Having posted a half-year profit of Ksh101.5 million as at the end of June 2018, Family Bank’s latest financials for the half-year ending June 2019 reveal that its profits have surged upwards by 358%.
“The growth is buoyed by increased customer deposits and growth in interest from higher loan uptake,” Family bank said in a statement.
Increase in its loan book by Ksh2.9 billion saw it grow to hit Ksh46.7 billion as at the end of H1. This contributed to a net interest margin growth of 13% to hit Ksh2.29 billion.
The lender’s deposit book meanwhile grew by 13% to Ksh54 billion, up from Ksh47 billion that was reported over the same period last year.
“The Bank’s liquidity remains stable at 12.9% above the minimum statutory ratio of 20%. Loan loss provision decreased by 13.5% in the period under review,” Family Bank said.
Foreign exchange trading income and other fees and commissions saw non-interest income grow 5% to Ksh1.31 billion.
Family Bank’s Digital Growth a Sign of Financial Inclusion
The bank’s Chair Dr. Wilfred Kiboro said that the lender will continue to grow investment in financial technology innovations and leverage strategic partnerships so as “to meet the needs of the ever-growing SME industry.”
“We have continued on an upward growth trajectory thanks to increased lending especially on our digital platform PesaPap,” Dr. Kiboro said.
He added, “Our investment in digital banking and our deposit mobilization strategy has borne fruit as witnessed in our half-year profits.” he said.

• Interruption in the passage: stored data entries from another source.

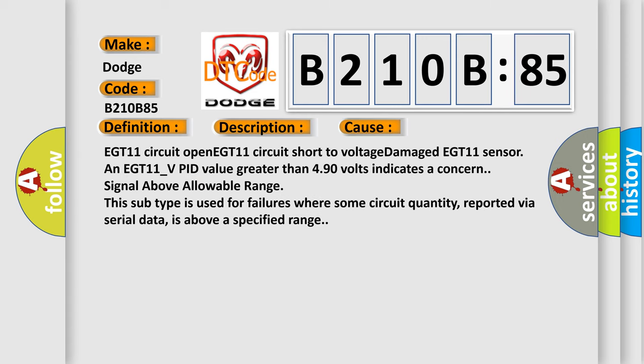EGT11 circuit open, EGT11 circuit short to voltage, damaged EGT11 sensor. An EGT11_V PID value greater than 4.90 volts indicates a concern. Signal above allowable range. This subtype is used for failures where some circuit quantity, reported via serial data, is above a specified range.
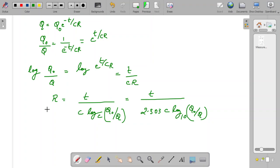Our next question is: why should we find the value of R in this manner? Many times, resistors are measured using multimeters and such devices. But when you use such devices there is a limitation — you cannot measure resistors whose values are very high, that is around more than 20 mega-ohm. Using this expression, you can easily find out the value of very high resistors.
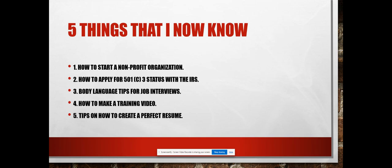five is tips on how to create a perfect resume. I think this is probably the biggest one on the list because when you're applying for different roles and promotions, your resume is really the first thing that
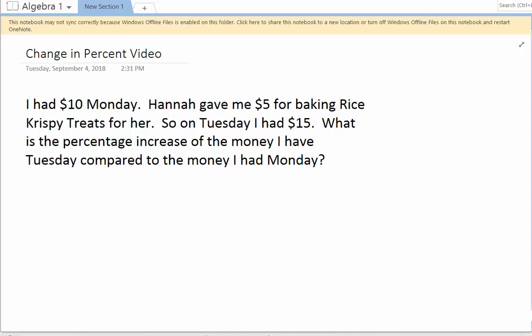I'm going to talk about change in percentage, or percentage change. This is a very easy example. I had $10 on Monday. Hannah gave me $5 for baking Rice Krispie Treats for her, so on Tuesday I had $15. What is the percentage increase of the money I have Tuesday compared to the money I had Monday?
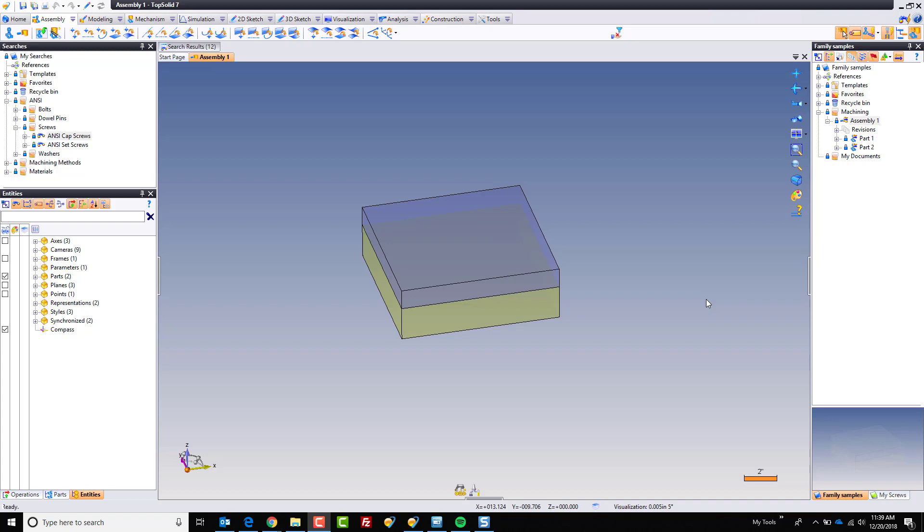Hi and welcome to TopSolid7. In this video we're going to take a closer look at how you can control standard libraries within the TopSolid7 platform.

Digital growth was also a contributing factor to Family Bank’s turnaround last year, when in September it posted a nine-month profit of Ksh187.8 million.
The upsurge came against the previous year’s loss over the same period of review which had amounted to Ksh743.1 million.
Family Bank New CEO
In February, the lender announced that it had promoted from within by appointing Rebecca Mbithi as the Family Bank CEO.
Mbithi, who is an advocate and served as the bank’s Company Secretary, was set to replace David Thuku, who resigned from the helm of the lender in September 2018.
At the time, Family Bank had said, “Rebecca is a highly experienced professional with an extensive background in leadership in various organisations at director level specializing in law, project finance, Corporate Restructuring, Equity/ Debt raising and Governance.”
The statement from Dr. Kiboro had continued, “At Family Bank, she has been instrumental in Strategy and Business Development, Capital and Debt Raising, Risk Management, Compliance and Controls, providing legal services and strengthening the Bank’s Governance structures.”
Appointment of Mbithi was subject to approval by the Central Bank of Kenya (CBK), Family Bank had indicated.